[Extracted records — start]

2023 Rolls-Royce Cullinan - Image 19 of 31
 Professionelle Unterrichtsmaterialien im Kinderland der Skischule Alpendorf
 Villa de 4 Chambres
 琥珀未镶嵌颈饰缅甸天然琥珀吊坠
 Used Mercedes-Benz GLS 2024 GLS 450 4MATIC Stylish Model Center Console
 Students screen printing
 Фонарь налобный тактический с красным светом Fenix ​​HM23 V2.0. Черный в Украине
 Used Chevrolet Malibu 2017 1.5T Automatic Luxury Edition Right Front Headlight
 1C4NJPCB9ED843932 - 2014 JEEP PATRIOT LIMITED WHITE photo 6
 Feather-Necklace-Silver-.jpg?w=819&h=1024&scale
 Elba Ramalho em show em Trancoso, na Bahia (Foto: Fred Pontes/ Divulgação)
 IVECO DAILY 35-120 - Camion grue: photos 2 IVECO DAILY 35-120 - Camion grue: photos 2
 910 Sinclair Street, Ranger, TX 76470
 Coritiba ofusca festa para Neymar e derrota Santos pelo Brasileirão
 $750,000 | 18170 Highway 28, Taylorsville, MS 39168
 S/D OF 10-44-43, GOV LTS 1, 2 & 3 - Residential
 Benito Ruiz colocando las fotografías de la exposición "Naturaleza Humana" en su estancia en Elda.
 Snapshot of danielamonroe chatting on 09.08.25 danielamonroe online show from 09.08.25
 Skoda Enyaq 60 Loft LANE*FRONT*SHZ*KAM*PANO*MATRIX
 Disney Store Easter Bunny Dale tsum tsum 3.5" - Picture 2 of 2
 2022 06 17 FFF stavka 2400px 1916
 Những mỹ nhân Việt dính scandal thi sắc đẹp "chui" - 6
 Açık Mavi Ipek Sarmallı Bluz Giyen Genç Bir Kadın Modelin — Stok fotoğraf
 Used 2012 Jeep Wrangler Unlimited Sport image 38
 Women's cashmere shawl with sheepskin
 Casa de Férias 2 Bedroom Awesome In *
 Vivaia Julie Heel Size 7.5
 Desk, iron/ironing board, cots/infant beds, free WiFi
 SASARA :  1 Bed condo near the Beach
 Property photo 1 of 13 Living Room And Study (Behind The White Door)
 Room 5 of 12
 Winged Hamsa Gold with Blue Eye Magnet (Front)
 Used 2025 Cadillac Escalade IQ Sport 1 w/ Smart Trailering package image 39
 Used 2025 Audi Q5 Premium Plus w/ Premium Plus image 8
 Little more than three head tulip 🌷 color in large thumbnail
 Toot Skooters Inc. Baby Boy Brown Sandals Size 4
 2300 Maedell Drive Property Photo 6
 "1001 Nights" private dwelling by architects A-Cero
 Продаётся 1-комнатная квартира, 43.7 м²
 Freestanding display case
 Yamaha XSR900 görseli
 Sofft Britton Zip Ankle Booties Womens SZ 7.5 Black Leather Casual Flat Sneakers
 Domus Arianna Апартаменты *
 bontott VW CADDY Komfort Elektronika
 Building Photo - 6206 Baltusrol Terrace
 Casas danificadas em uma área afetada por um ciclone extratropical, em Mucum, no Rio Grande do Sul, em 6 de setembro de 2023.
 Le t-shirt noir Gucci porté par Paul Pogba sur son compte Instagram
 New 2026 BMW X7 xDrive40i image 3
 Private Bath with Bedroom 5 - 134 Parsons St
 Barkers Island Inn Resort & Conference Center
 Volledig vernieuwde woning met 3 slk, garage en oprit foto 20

[Extracted records — finish]

Exercise:
Every line above in which the word "Bedroom" occurs needs to be copied.

Finished task:
 Casa de Férias 2 Bedroom Awesome In *
 Private Bath with Bedroom 5 - 134 Parsons St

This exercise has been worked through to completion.